Yeah they might have used some web converter, but that on the other hand would have been extremely incompetent handling of the secret data.
1718627440
2 days ago
Installing MSYS2 is a matter of a few minutes. There is also WSL and macOS features a POSIX shell, imagemagick is likely already installed as a dependency somewhere, like ffmpeg often also is.
mikkupikku
2 days ago
I know I'm not the brightest bulb by any measure, but do some people really take less than at least a few minutes to come up with one-liners for problems as novel as graphical transformations to PDFs? Maybe if the presumed techie hacker / federal worker took it as an amusing challenge I could see this being done, but genuinely out of pure laziness? That's incredible if true.
naniwaduni
2 days ago
It's not a novel problem. But yes, I don't think people quite appreciate how quick and easy it is for people who are in the habit of brewing up one-liners to solve simple problems to do that. I've done it here on HN for jq toy problems before, and I don't really doubt there are people similarly familiar with imagemagick.
vlovich123
2 days ago
It’s a mix of “they’ve done it many times before” and these days AI. But remember the “they’ve done it many times before” just means that in a technical and popular forum you’re likely to find the handful of people who have done so regularly enough to remember the one liner. Also this is probably easily searchable as well so even prior to AI not super hard.
jeltz
2 days ago
There is nothing novel about it. I saw at least one person say that they have done exactly the same thing out of laziness.
breppp
2 days ago
I am only guessing that they had to remove the document from a classified network in a way where data won't possibly leak
draw_down
3 days ago
[dead]
zoky
2 days ago
Such a weird way to do it when it would be a vastly easier to just blow the document out to paper and re-scan it.
brazzy
2 days ago
Vastly easier when you do it to one or a handful of documents.
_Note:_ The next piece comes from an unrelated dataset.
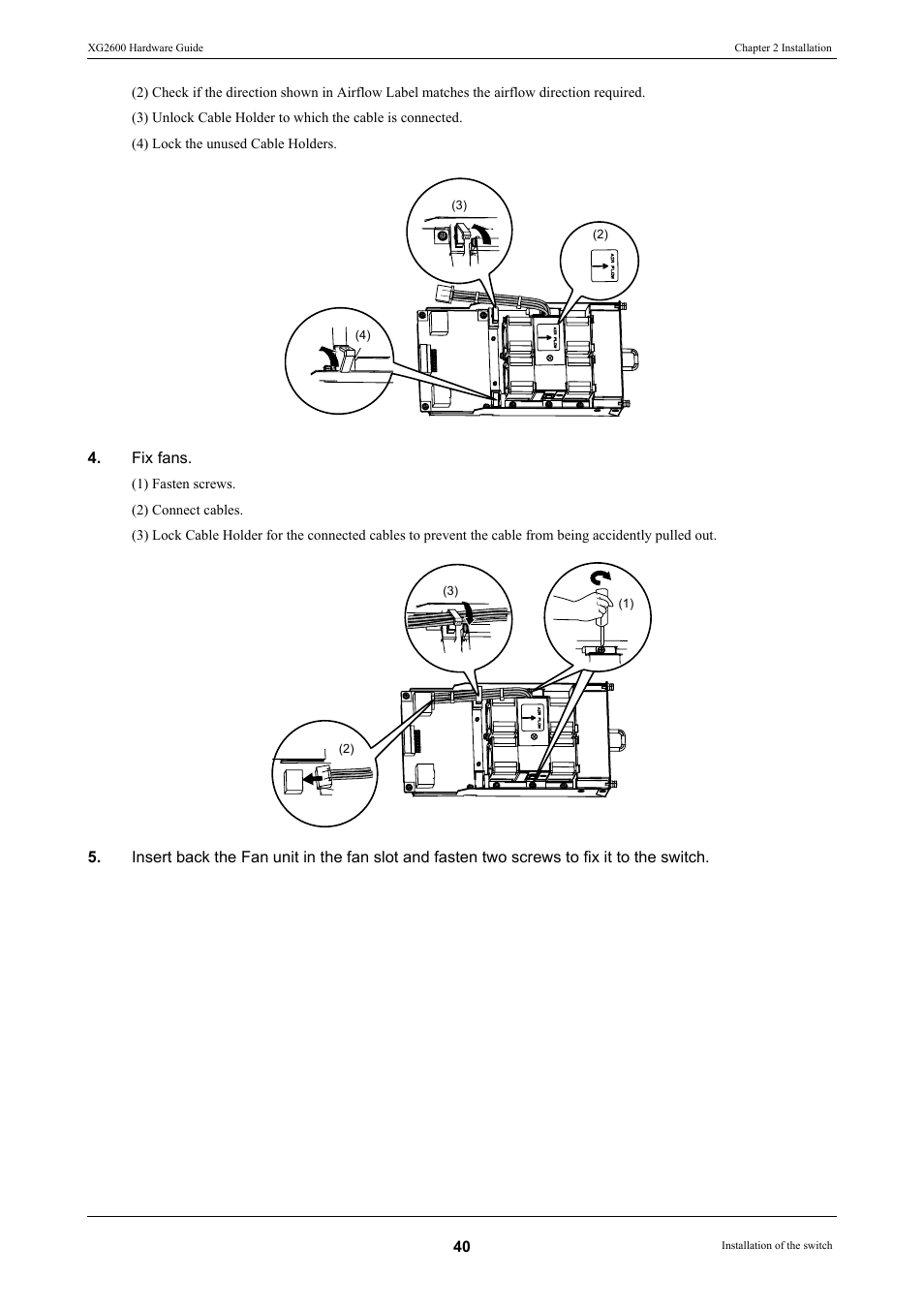 FUJITSU XG2600 User Manual | Page 40 / 59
But if you want to do it to 2000 documents...
fc417fc802
2 days ago
But at that point why bother with the fakery? Why does it matter if it's obviously of digital origin? As long as it's rendered down to an image problem solved.
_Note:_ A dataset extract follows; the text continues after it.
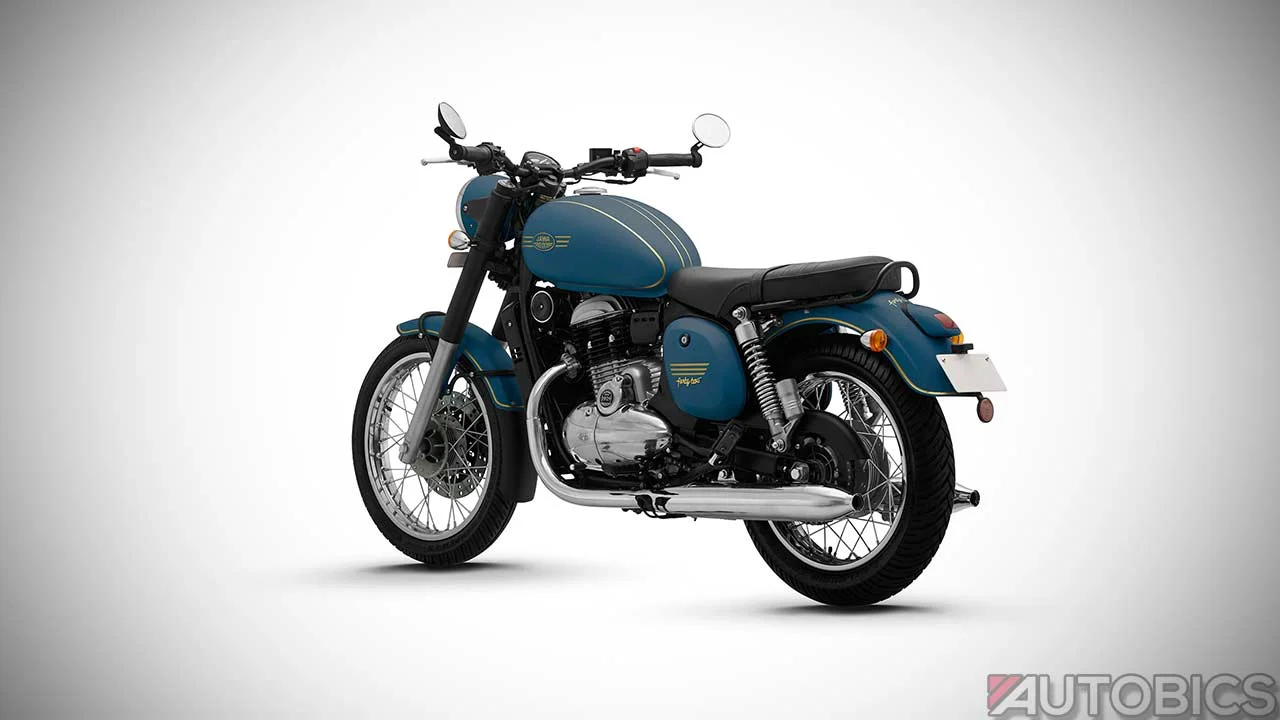 Jawa Forty Two Starlight Blue Rear Left 2018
Was the motivation for this benign (an employee skirting regulations) or malicious?
pbhjpbhj
2 days ago
4 reems (4×500) is hardly a lot for commercial equipment to handle - paper trays will take a reem at a time. Document analysis would still show some shenanigans were in play, but you'd get a bit of variation at least.
userinexperienc
2 days ago
[dead]
hiccuphippo
2 days ago
I mean, I do that all the time when they ask me to print something, sign it, and then scan it.
Sign a blank paper, scan it, paste the original doc on it. Then keep the scan for future docs.
foxglacier
2 days ago
An easier trick I've used is just sign directly on the computer screen over the displayed document with a whiteboard marker and take a photo with my phone.